▶ **DATA FOR ANALYSIS**
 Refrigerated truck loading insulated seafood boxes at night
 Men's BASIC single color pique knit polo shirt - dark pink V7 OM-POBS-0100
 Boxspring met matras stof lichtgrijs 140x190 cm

* * *

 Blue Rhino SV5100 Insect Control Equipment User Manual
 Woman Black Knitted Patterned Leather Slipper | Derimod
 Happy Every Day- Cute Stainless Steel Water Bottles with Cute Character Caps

▶ **WORK TO BE COMPLETED**
From the entries above, restate word for word the lines from the line containing "Refrigerated truck loading" to the line containing "Boxspring met matras", both ends included, and nothing more.

▶ **EXERCISE RESULT**
 Refrigerated truck loading insulated seafood boxes at night
 Men's BASIC single color pique knit polo shirt - dark pink V7 OM-POBS-0100
 Boxspring met matras stof lichtgrijs 140x190 cm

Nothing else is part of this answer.